In The Lord of the Rings, Frodo freely offers Galadriel the Ring. But she refuses it and gives the phial to him. I didn't realize it when I first read the book, but in fact Galadriel just saved the world.
In the first paragraph of Hawthorne's "Young Goodman Brown," a newlywed wife pleads with her husband to spend the night with her because she's uneasy about his intention of a night away, in the forest. Brown might genuinely have thought that Faith had nothing to worry about, but even so the loving thing to do would have been to honor her request. Instead he puts her off with an insincere and patronizing remark and sticks to his plan. Everything that happens afterwards is the consequence of that moment.

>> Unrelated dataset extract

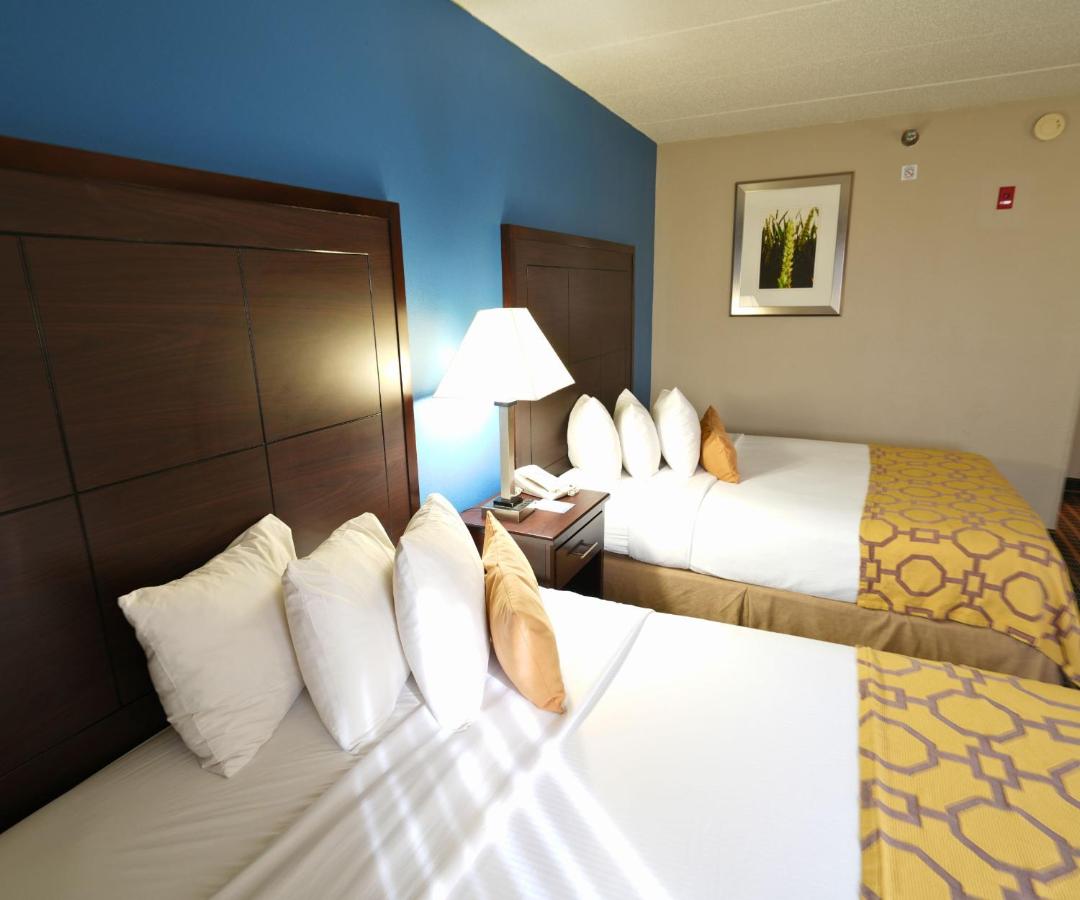 Queen Room with Two Queen Beds - Non-Smoking at Baymont by Wyndham Marshalltown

The crisis of the story has already occurred when the first paragraph is ended. But you don't realize that when you first read the story. Everything is lost. The moment of truth passed and nobody realized it. I've said before at Chrons on a Hawthorne thread that this is a really disturbing story. We all naturally like to think that, if we were put to some supreme test of love or courage, we'd give it our all and do the right thing. But the moment of truth might come and pass without our perceiving it at the time. Brrrrr.
I don't think that she saved the world (or Middle-earth) she just sent it along a different path. Who knows, if Galadriel had taken the Ring for herself, the elves may have stayed in the West along with Gandalf and his kind, and humans may not have ended up being the dominant race of people.